We offer a variety of services to make it easy to Recycle Round the Rock!

While recycling is the right thing to do, if it isn’t done right, it can be very problematic. Here are a few simple tips:

  • Recycle it ONLY if it is recyclable. Verify below or send an email to Is it Recyclable. Misplaced items cause contamination, and the materials have to be sent to the landfill.
  • Detach, unlike materials. Remove metal lids from glass jars, plastic liners from cereal boxes, foil from yogurt tubs, etc. Although recyclable, the recycling process is different for each material and when attached, the materials cannot be separated properly at the recycling facility.
  • Remove food, sauces, and juices. Rinse aluminum, plastic, and glass. It helps prevent contamination and odors and less likely to attract bugs to your cart.
  • Save space. Crush cans and plastic bottles and flatten boxes.
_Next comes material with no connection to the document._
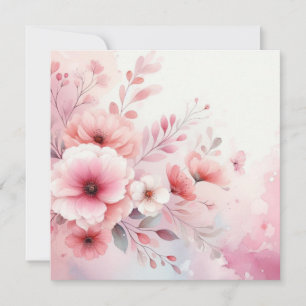 Floral watercolor in soft pastel colours invitation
Do not break glass as it jams equipment.
  • Plastic bags and broken glass are among the most problematic materials for recycling facilities. Plastic bags wrap around conveyor lines, and all work must stop while the bags are cut off. Broken glass jams equipment and mixes with other materials, resulting in recyclables being categorized as contaminated and sent to the landfill.

Curbside Recycling

  • Recycling is collected every other week.
  • Collection occurs 7 a.m. – 6:30 p.m. If services are not performed by 6:30 p.m., please contact Round Rock Refuse.
  • Carts may be curbside starting at 7 a.m. the day before collection and removed by 7 p.m. the day after.
  • Position carts with wheels against the curb.

Accepted Curbside

  • Aluminum foil
  • Beverage cans and caps
  • Foil baking tins
  • Pet food cans
  • Soup and vegetable cans
 
  • Beverage packaging
  • Cardboard egg cartons
  • Packaging (toys, electronics…)
  • Food boxes (cereal, pasta, frozen food…)
  • Gift, shoe boxes
  • Paper tubes (paper towels, toilet paper tubes…)
  • Shipping, moving boxes

  • No pizza boxes
  • No wax-coated cartons 
  • No Styrofoam
  • Cooking oil bottles
  • Mason jars (remove lid)
  • Pasta sauce jars (remove lid)
  • Soda and juice bottles
  • Wine, beer, liquor, and spirits bottles
  • Other clear, green, blue, or brown jars and bottles

  • No broken glass
  • No window glass
  • No light bulbs
  • No dining ware, ceramics, Pyrex, etc.
  • Brochures, flyers
  • Catalogs, magazines
  • Junk mail, letters, envelopes
  • Office paper, folders
  • Paper bags
  • Newspaper
  • Telephone books

  • No laminated paper
  • No shredded paper (Shred for a Paws Cause)
  • No food-contaminated items (paper plates, etc.)
  • Beverage bottles (water, soda, etc.)
  • Butter, cream cheese, yogurt tubs (remove foil liner)
  • Cooking oil bottles
  • Detergent, cleaning bottles
  • Milk jugs
  • Plastic lids

  • No plastic bags (Please take to your local grocer or reuse at home)

Not Accepted Curbside

Why Not?! Many recyclables are taken to the landfill when they could have been recycled and served a whole new purpose.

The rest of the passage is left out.